Borough facing spike in insurance costs


NAUGATUCK — Naugatuck officials have just started assembling the borough’s 2015 budget, and they are already looking at an increase of between $3.2 million and $5.5 million. And that’s just for health insurance.

The borough has received renewal rate estimates of up to 34 percent from its insurance carrier, Aetna, for both municipal and school employees. Currently, the borough pays $10 million for school employees and another $6.3 million for municipal employees. If the rates jump 34 percent, it would mean an increase of about $5.5 million for the next fiscal year, which runs from July 1, 2014, to June 30, 2015.

There is some hope for taxpayers, but not much.

The borough is shopping around for better rates. Unfortunately, the best rate officials have found is 20 percent higher than the current cost, meaning the borough’s expense would jump about $3.2 million, borough and school Controller Bob Butler said.

“This isn’t like the private sector where we can just go and change the health care plans,” he said. “All of the changes to insurance must be negotiated through the unions.”

The Naugatuck Board of Finance will ultimately make a decision on all spending in the borough. The board has received proposed budget plans from most municipal department heads, but will not hear education funding proposals until April 7. All departments could face cuts if the insurance bill jumps as high as the predictions.

Butler said insurance companies have told the borough that rates are going up based upon its history: Naugatuck has had several major insurance claims in the past few years, and the rates will reflect the cost.

Also, he said, taxes on insurance implemented by the federal healthcare legislation are being passed on to customers. Though officials have talked about going to a self-funded insurance plan, Butler said he doesn’t foresee that happening in the near future because Naugatuck doesn’t have enough money in reserve at this point.

Also, the Naugatuck Board of Education has had a bad experience with self-funded insurance. At one point during the 2007-08 school year, the board was facing a significant budget deficit because, officials say, the board did not reserve enough money for its self-funded account. Butler said the school board was forced to borrow $5 million from the borough to make up that anticipated deficit; that money was eventually paid back. After that, the school board went to a fully-funded insurance plan.

The borough has found ways to bring down its insurance costs in recent years, Mayor Robert Mezzo said. Most employees are now on health savings accounts rather than traditional health insurance plans, which has saved the borough millions. And, he said, Naugatuck has switched insurance carriers three times in the past five years.

“Unfortunately, there are only so many insurance carriers out there,” he said. “We have been as proactive as possible in addressing the health care costs, but each and every year we are faced with higher costs and more challenges.”

Despite those challenges, Naugatuck taxpayers hope officials can find a way to bring costs down; most say they do not want to see a tax rate increase.

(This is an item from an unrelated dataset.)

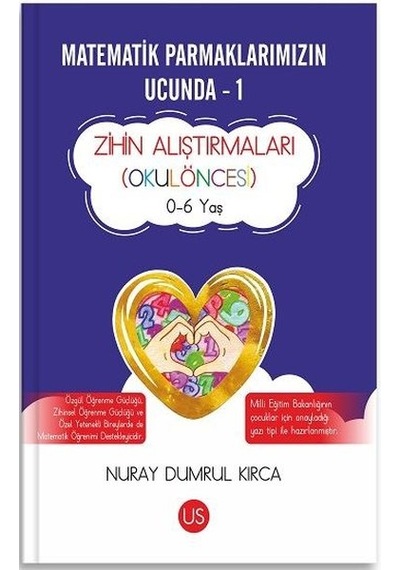 Matematik Parmaklarımızın Ucunda 1 - Zihin Alıştırmaları (Okulöncesi) 0-6 Yaş - Nuray Dumrul Kırca - Us Yayınları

Currently, the town and school system operate on a combined $110.9 million budget; the school system makes up the most of that, at $59.47 million. The current tax rate is 44.3 mills. It jumped significantly last year from 2012-13 after a state-mandated revaluation saw the average home drop in value by 29 percent. The average homeowner, with a house assessed at $120,000, pays just under $5,400 in property taxes.

Board of Finance Chairwoman Diane Scinto said looking at the insurance numbers is scary. She said her board will have to make up the difference somewhere.

“We can’t absorb a $3 million increase; we would have to cut somewhere,” she said. “And I can’t even begin to tell you where we’d begin to cut.”